Thursday, September 20, 2018

The Days Are Long....

The other day a friend of mine posted about enjoying the mess in regards to her kiddos and how one day that mess will be gone.
I immediately though of the saying: "The days are long but the years are short"
Then I posted it.
Then I thought: Well, wasn't that the the most pretentious and cliche shit to say.
Then thought...yeah but it's true.
Then I though - OMG - all of my kids are in school!  Kait's out in 2 years and counting and the babies are hovering around 11 more years.
Then I thought: Shit, 2 years...11 years...That's fast as fuck for one and OMG - the I'm gonna be dead before the babies ever leave my damn house!
Then I thought:  Shit, shit, shit....I also haven't blogged in like forever.  I've got to do something or the kids are gonna have a really shitty baby book (read the intro page if you're confused here)

Then I opened the blog and  blew the dust off to find this little gem that I'd completely forgotten about.  (I was probably interrupted before I could post it)

As soon as I saw the title I knew I had to finish this shit and add an update!
Here it is in all it's glory circa June(ish) 2017:

THE DAYS ARE LONG, BUT THE YEARS ARE SHORT
Last night we registered Big Red for High School.
I didn't even cry!  
It was actually fun. 
She was excited (when she would forget to act too cool to be excited).  We were all kind of excited. 

Holy shit y'all - This isn't the same High School we went to!  
The classes are insane: Forensic Science, Sculpting, Mythology, Hydrology, Engineering.  

More than anything it didn't feel real.  
I felt like I should still be the one in high school NOT my baby.

Jesus, how did 14 years go by so fast?  I don't know when it happened, but my baby is not only a young lady, but damn near an adult.
In four years she'll be on her own.  She'll be her own person and I'll have to take a seat on the sidelines and watch her life unfold.  

Four years used to feel like a lifetime.  Today it feels far to soon and all too real.
Four years ago I had an 10 year old a 2 year old and and a baby.  Four years ago I didn't think we'd get here.  I didn't think I'd make it through the day at times.  

Years ago I was whining to a friend about how impossible my life was with "all these damn children that D forced me to have so he could trap me into marriage..." and her response was "The days are long, but the years are short."

I held in my eye roll and the snide remark, but I wanted to tell her there's NOTHING short about shitty diapers and midnight feedings other than the short little assholes who make and require them.  (Don't call CPS or assume I'm a horrible shit:   I had two babies under 18 months and a middle-schooler ALL while working full time!
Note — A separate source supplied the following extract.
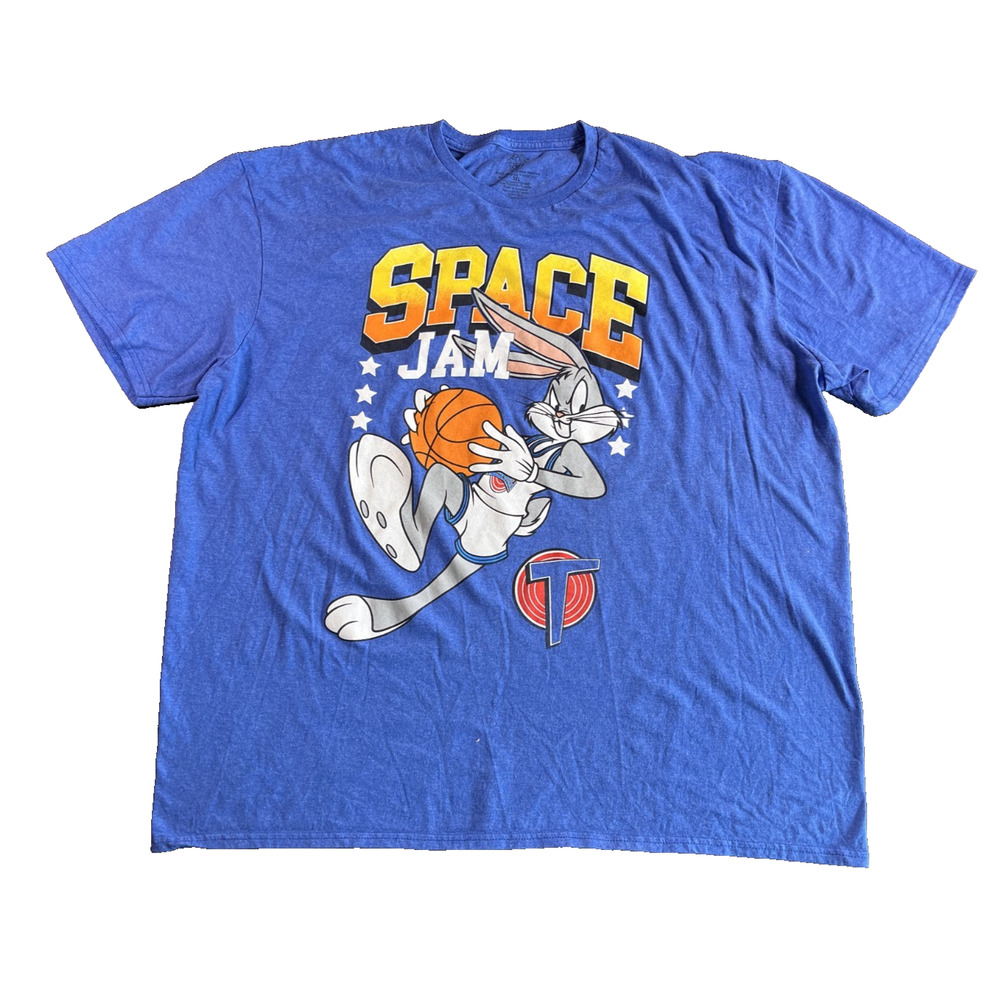 Space Jam Bugs Bunny Space Jam Men's blue T-Shirt Size 3X-Large basketball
Oh! Also don't forget - D was working out of town Monday through Thursday so I was doing this by myself even though I technically had a back-up. 
Anyway,  back off  Judgy-McJudgerson - I earned the right to call them assholes)
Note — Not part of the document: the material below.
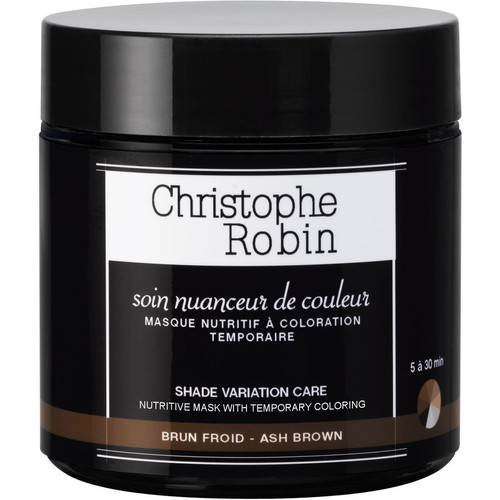 Christophe Robin - Masque nuanceur de couleur Brun Froid - Shampoing homme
Now that quote makes me cry like a damn idiot.  

Last night on the way home from cheer she asked me a question and I wanted to give her an answer that she would always remember, but about 40 seconds into my heartfelt response I saw her staring into the vanity mirror making kissy faces and taking selfies...

I realized a few things:
1)  I'll have to print this out as a book because she won't actually "feel my pain" till she's feeling her own
2) She's still a dick
2) She makes a really good kissy face
3) Even if I forced her to listen to my speech she wouldn't get it...it's not even in her realm of thought yet. 

The End



Fast forward about a year:
09/20/2018

The days are still really fucking long (mostly because my teenager has a cell phone and repeatedly texts me about shit that can wait till later...and meetings - always meetings)



The years are a vortex of mind fuckery:
They seem short in reference to big Red.  Oh my god do they seem short!  I don't know where 15 years went.  I feel like shes slipping through my fingers in front of my eyes.  But they're also amazing and wonderful and fun.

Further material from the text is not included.